=== Problem to solve ===
Where the string "Blue" occurs in a line of the entries below, copy that line.
○ ○ ○ ○ ○ ○ ○
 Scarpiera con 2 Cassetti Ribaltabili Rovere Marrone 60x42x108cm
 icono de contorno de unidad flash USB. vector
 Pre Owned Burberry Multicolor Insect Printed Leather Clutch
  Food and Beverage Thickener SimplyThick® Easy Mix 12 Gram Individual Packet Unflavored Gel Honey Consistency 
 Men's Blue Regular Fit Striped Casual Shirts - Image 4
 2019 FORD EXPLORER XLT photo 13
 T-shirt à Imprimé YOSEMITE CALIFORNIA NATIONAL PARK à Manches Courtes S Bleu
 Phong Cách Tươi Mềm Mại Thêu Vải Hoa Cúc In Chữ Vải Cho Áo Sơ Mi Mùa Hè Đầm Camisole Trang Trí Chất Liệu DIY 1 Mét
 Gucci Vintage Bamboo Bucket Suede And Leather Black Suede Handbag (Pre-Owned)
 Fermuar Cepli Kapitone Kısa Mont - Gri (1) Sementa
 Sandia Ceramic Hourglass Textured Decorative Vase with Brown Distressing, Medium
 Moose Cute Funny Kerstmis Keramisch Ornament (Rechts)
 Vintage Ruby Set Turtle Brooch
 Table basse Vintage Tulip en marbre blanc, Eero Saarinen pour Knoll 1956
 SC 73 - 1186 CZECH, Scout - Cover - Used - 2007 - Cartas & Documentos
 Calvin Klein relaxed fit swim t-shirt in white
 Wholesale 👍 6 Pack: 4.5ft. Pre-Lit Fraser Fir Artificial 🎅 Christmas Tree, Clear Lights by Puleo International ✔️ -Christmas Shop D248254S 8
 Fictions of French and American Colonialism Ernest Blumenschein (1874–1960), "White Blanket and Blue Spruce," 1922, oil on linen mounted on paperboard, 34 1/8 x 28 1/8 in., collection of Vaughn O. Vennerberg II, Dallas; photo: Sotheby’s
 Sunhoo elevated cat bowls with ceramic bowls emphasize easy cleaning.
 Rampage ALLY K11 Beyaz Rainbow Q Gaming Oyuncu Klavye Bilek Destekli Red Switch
○ ○ ○ ○ ○ ○ ○
=== Written response ===
 Men's Blue Regular Fit Striped Casual Shirts - Image 4
 Fictions of French and American Colonialism Ernest Blumenschein (1874–1960), "White Blanket and Blue Spruce," 1922, oil on linen mounted on paperboard, 34 1/8 x 28 1/8 in., collection of Vaughn O. Vennerberg II, Dallas; photo: Sotheby’s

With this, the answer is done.